Work request: Respond with nothing but the number of lines in this data that include the word "pour".

------ Data ------

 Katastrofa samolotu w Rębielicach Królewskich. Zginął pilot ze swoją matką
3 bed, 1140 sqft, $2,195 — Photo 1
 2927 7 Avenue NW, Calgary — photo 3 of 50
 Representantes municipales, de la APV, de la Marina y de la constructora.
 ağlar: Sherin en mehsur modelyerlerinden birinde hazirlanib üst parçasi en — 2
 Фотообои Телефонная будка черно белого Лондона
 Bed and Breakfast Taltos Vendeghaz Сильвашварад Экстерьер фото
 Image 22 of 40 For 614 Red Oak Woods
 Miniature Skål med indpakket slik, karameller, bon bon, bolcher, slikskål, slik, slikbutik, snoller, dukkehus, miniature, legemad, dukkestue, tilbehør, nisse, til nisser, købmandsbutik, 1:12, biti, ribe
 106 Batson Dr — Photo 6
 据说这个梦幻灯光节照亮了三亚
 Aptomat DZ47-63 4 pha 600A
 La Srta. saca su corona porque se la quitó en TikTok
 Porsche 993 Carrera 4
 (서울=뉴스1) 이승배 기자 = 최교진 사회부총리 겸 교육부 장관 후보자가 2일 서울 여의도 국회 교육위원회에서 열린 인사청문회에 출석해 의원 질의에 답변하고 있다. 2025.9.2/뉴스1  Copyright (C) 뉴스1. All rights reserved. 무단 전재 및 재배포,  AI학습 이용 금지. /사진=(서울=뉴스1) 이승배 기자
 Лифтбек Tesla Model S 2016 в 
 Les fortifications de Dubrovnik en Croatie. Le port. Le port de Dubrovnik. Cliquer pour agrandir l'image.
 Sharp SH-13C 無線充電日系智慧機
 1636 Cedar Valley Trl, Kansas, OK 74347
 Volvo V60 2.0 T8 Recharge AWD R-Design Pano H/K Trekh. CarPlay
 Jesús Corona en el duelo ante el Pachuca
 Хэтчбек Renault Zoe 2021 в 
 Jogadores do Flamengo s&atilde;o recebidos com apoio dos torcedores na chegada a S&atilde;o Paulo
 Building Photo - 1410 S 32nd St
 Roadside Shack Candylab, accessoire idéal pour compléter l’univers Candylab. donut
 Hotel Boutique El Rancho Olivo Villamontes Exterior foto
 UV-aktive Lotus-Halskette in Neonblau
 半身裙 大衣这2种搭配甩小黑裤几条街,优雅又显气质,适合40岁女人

------

Written reply: 2